We have $$Alt(T)=\sum_{\sigma}sgn(\sigma)T^{\sigma}$$ As $T$ is symmetric we have $T^{\sigma}=T$ for all $\sigma$. So, we have $$Alt(T)=\sum_{\sigma}sgn(\sigma)T=T\sum_{\sigma}sgn(\sigma)$$ As no of odd permutations is same as that of no of odd permutations we have $\sum_{\sigma}sgn(\sigma)=0$ thus, $Alt(G)=0$.
Now, another question is, does the converse hold?
Suppose $Alt(T)=0$ do we have that $T$ is a symmetric tensor?
I see that this is true for $2$ tensor. Suppose $T$ is a $2$ tensor then,
$0=Alt(T)=sgn(1)T+sgn(1~2)T=T-T^{\sigma}$ implies that $T=T^{\sigma}$. Thus, $T$ is a symmetric tensor.
I am sure this is true for all $k$ tensors but i am unable to prove.
Do i have to go by contradiction or what... I am not able to guess some path..

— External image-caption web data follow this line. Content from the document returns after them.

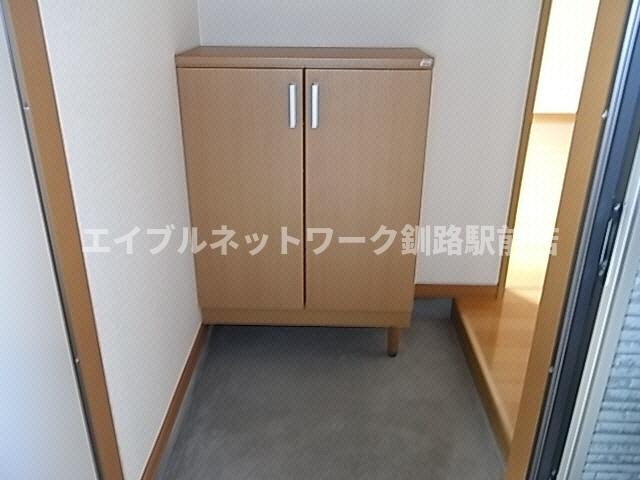 ハイツすいえんくん１号館の玄関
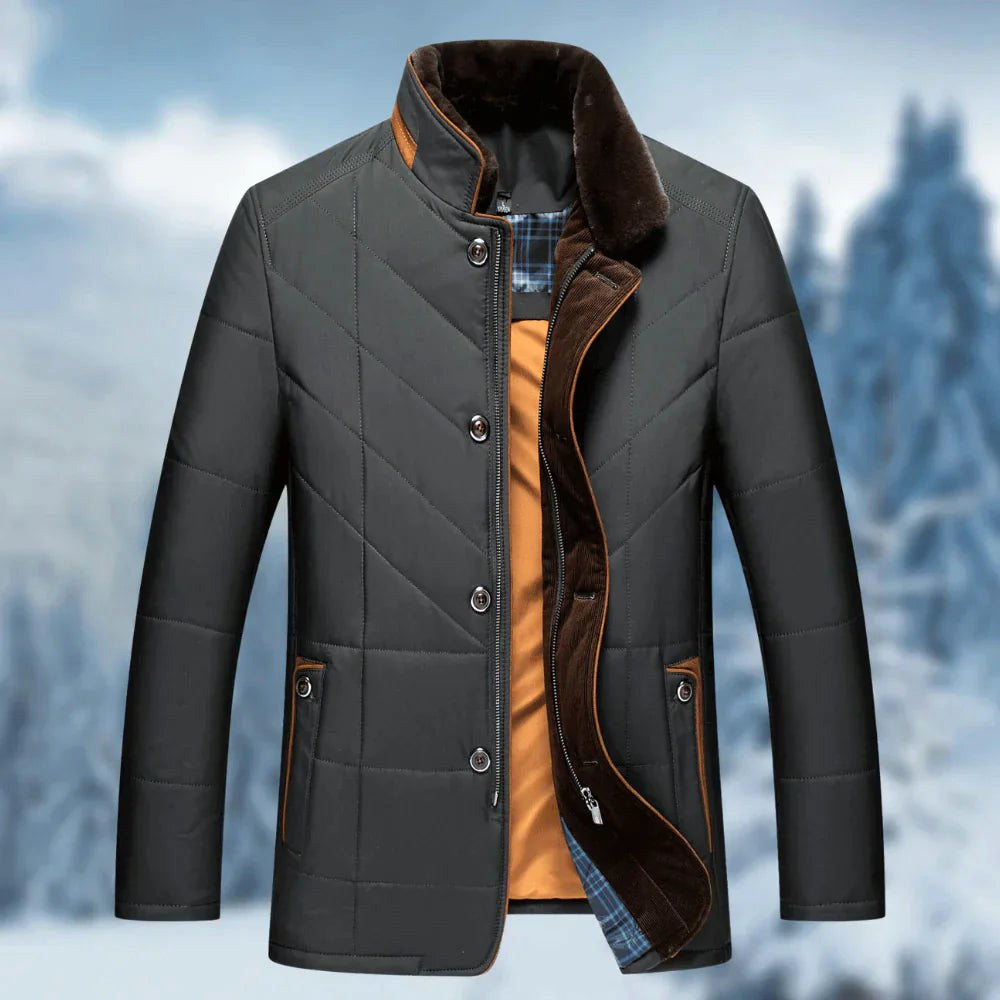 Manfred | Herren-Winterjacke mit wasserabweisendem Material, Funktionale Herbst-Jacke | Nomad NTS | Rot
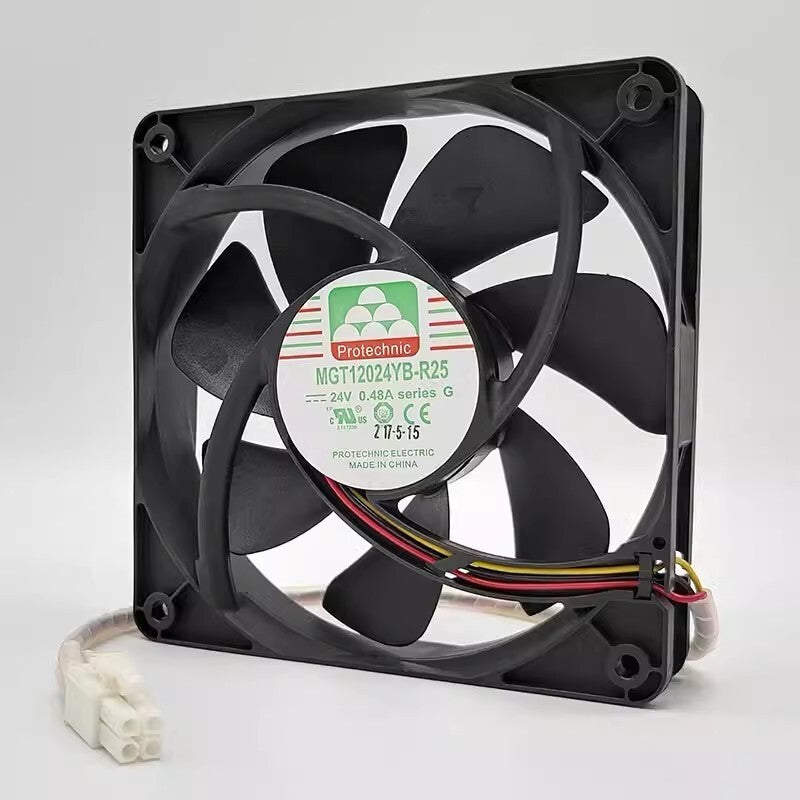 1PCS MGT12024YB-R25 12025 24V 0.48A 12CM 3-Pin Inverter Cooling Fan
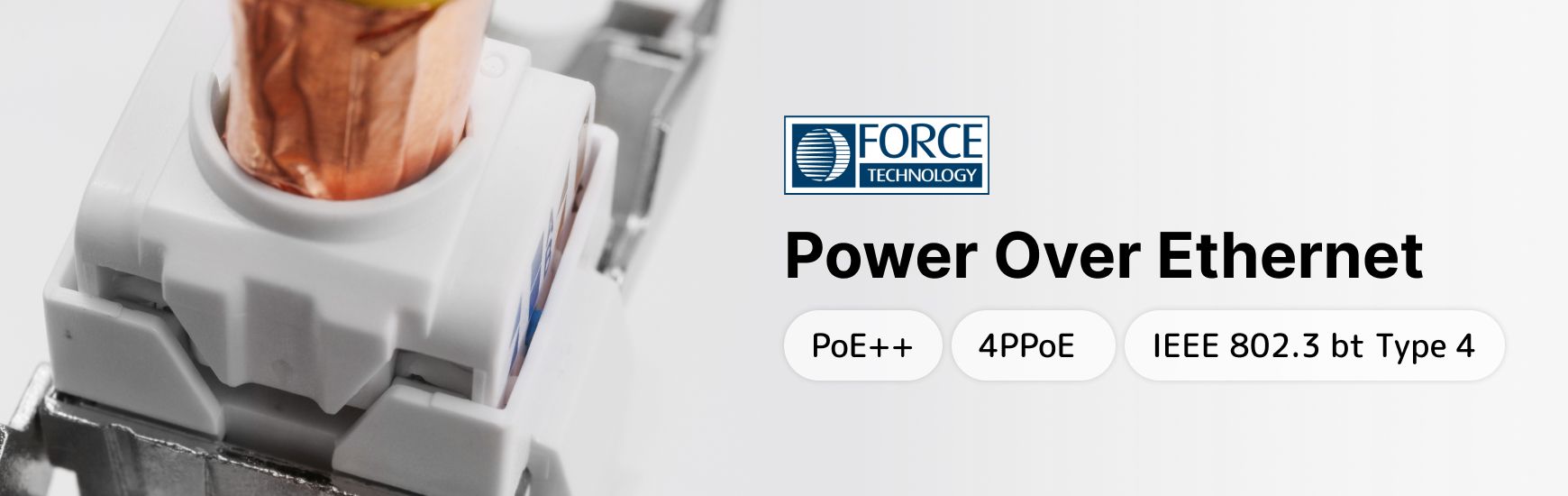 Conector 4PPoE Cat6A RJ45 con Protección contra Cortocircuitos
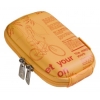 Чехол для фотокамеры Riva 7023 (PU) Digital Case yellow (newspaper) (7023 PU YLWNWP)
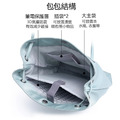 【BONum】女用15吋日系簡約直式防水防震輕量牛津筆電包_5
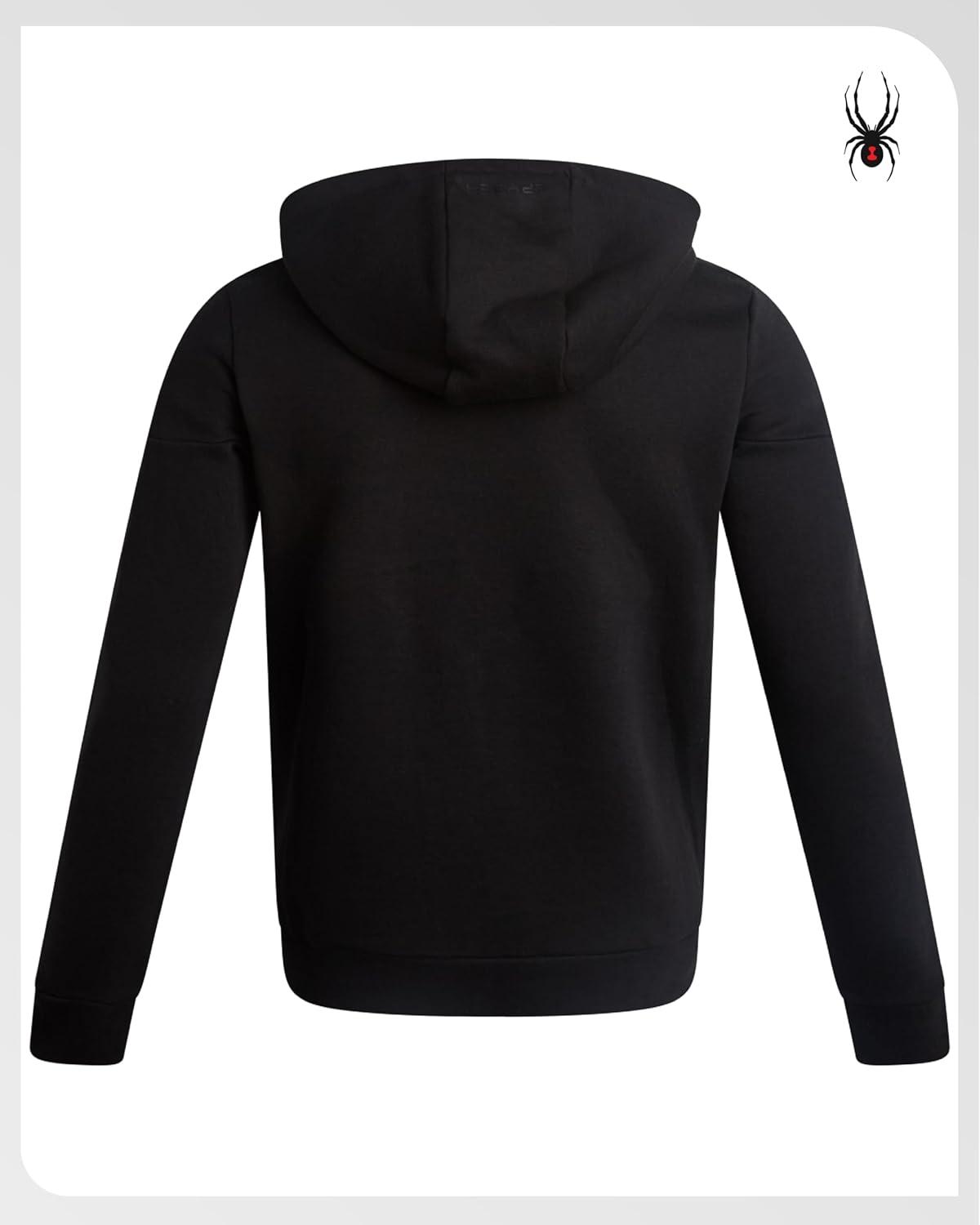imageSpyder Mens Zip Up Hoodie Super Soft Performance Fleece Sweatshirts for Men Warm Athletic Hoodies for Running Walking GymBlack Ink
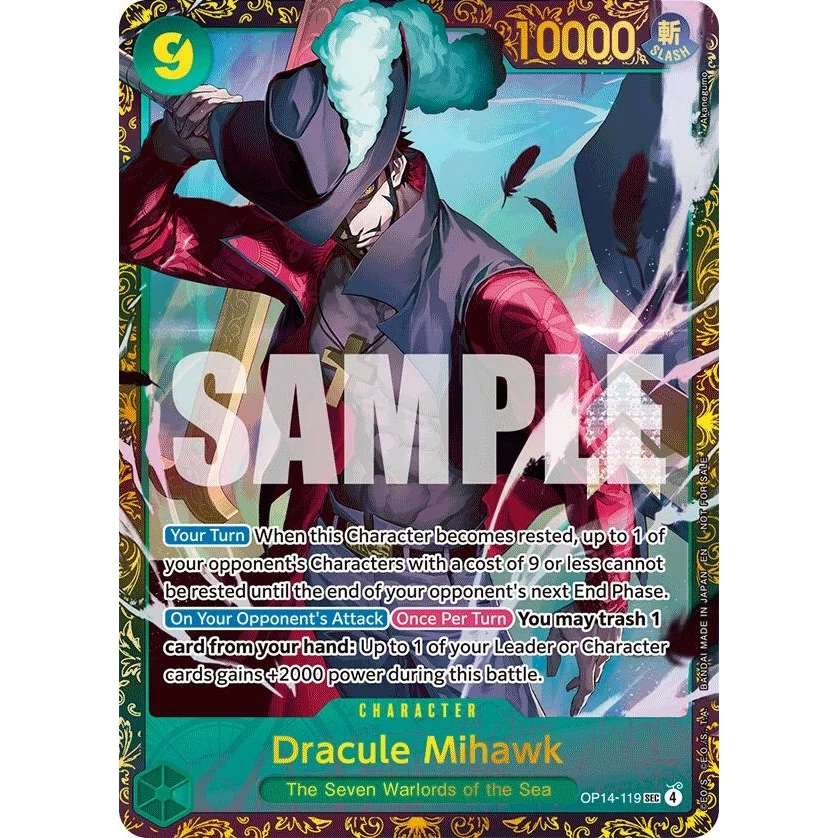 Dracule Mihawk - (CS 26-27 Regionals Season 1) (OP14-119) (One Piece Promotion Cards)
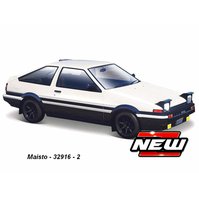 Maisto 1:24 Toyota Sprinter Trueno AE86 (white) - code Maisto 32916, modely aut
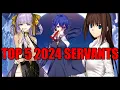 Top 5 Servants Released in 2024 Order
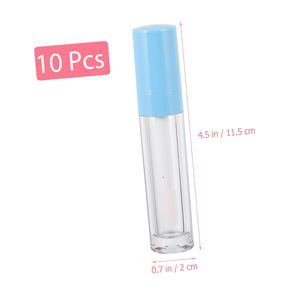 Halloween Lindo Tubo de Brillo Labial Transparente de 4ml con Diseño de Varita Grande, Envase Vacío de Plástico Serigrafiado con Llavero para Cuidado Facial - Product Image 5
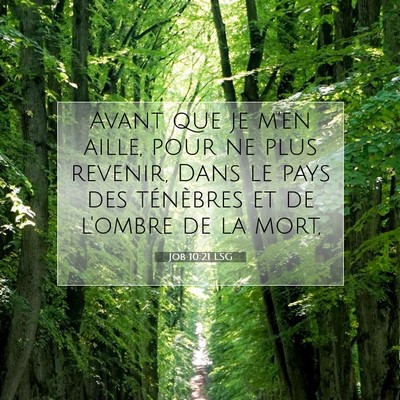 Job 10:21 Verset biblique expliqué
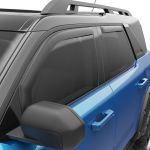 EGR 21-22 Ford Bronco 4 Door In-Channel Window Visors - Matte Black (573565); 2021-2022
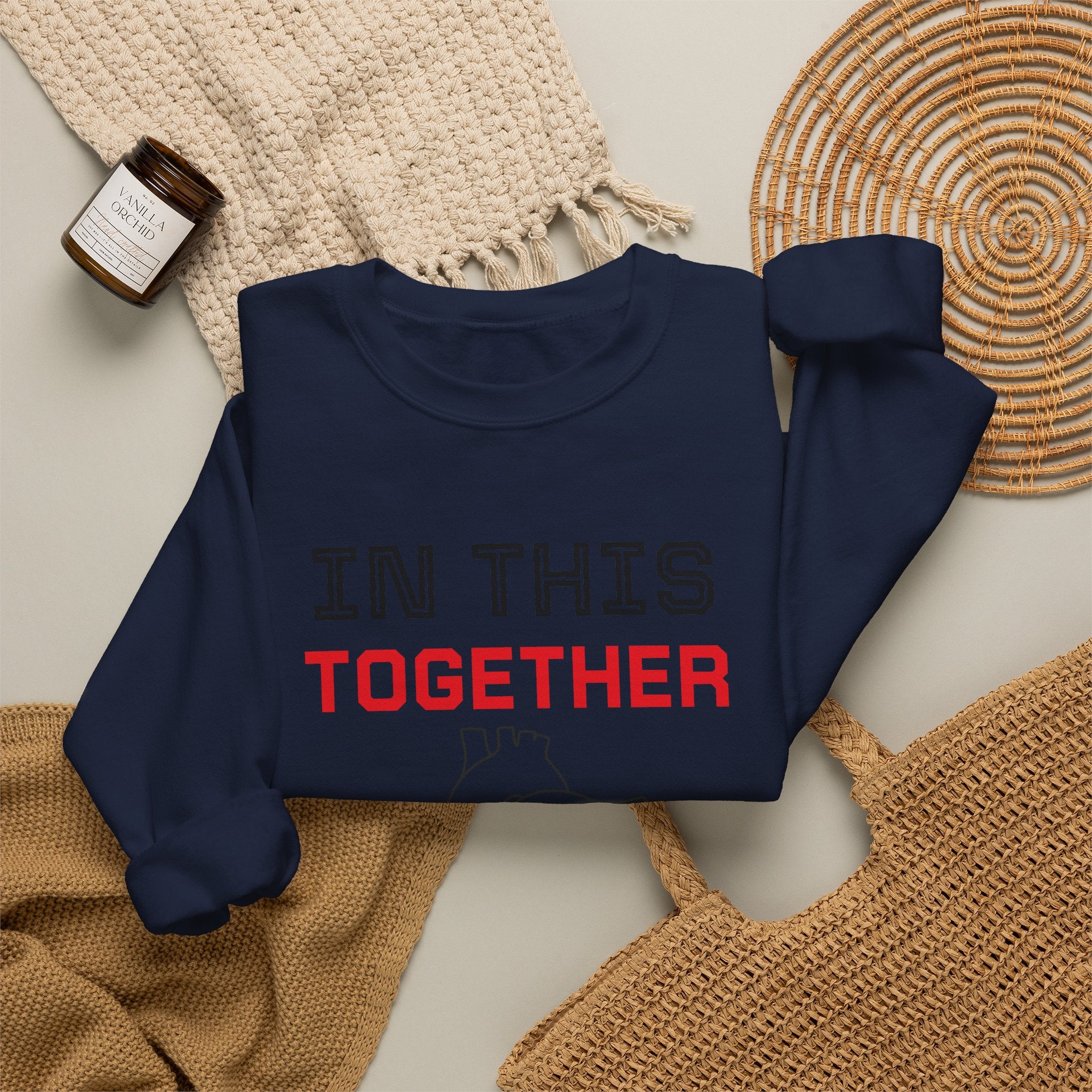 In This Together Sweatshirt — Heart Illustration Crewneck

Please provide some hints..
There is nice characterisation of tensors which $Alt(T)=0.$
It requires some work, but you can find it in Greub's Multilinear Algebra.
EDIT Explicit example
Consider space $V=(\mathbb{R}^2)^*.$ Then $3-$tensors in $V$ can be treated as multilinear maps $$T:\mathbb{R}^2\times\mathbb{R}^2\times\mathbb{R}^2\rightarrow\mathbb{R}.$$ Set $T$ by formula $$T((a,b),(c,d),(e,f))=ace+bde-acf-bdf.$$ Multilinear: easy to verify.
Symmetric: Nope $$T((1,1),(1,1),(1,0))=2\neq 0=T((1,0),(1,1),(1,1))$$
$Alt(T)=0.$ Yes. See first that $$T((a,b),(c,d),(e,f))=T((c,d),(a,b),(e,f))$$ (this is the main idea, compare with the thm. in quotation above). In fact
$$T((a,b),(c,d),(e,f))=ace+bde-acf-bdf=cae+dbe-caf-dbf=T((c,d),(a,b),(e,f)).$$ Now $Atl(T)$ has $6$ elements. To permutation $\sigma=id$ corresponds $\gamma=(12),$ such that $$T^\sigma=T^\gamma\hspace{5pt}\text{and}\hspace{5pt}sgn(\sigma)=-sgn(\gamma).$$ Similarly to $\sigma=(13)$ you have $\gamma=(123)$ and to $\sigma=(23)$ you have $\gamma=(132).$ Hence the whole sum $Alt(T)$ cancels out.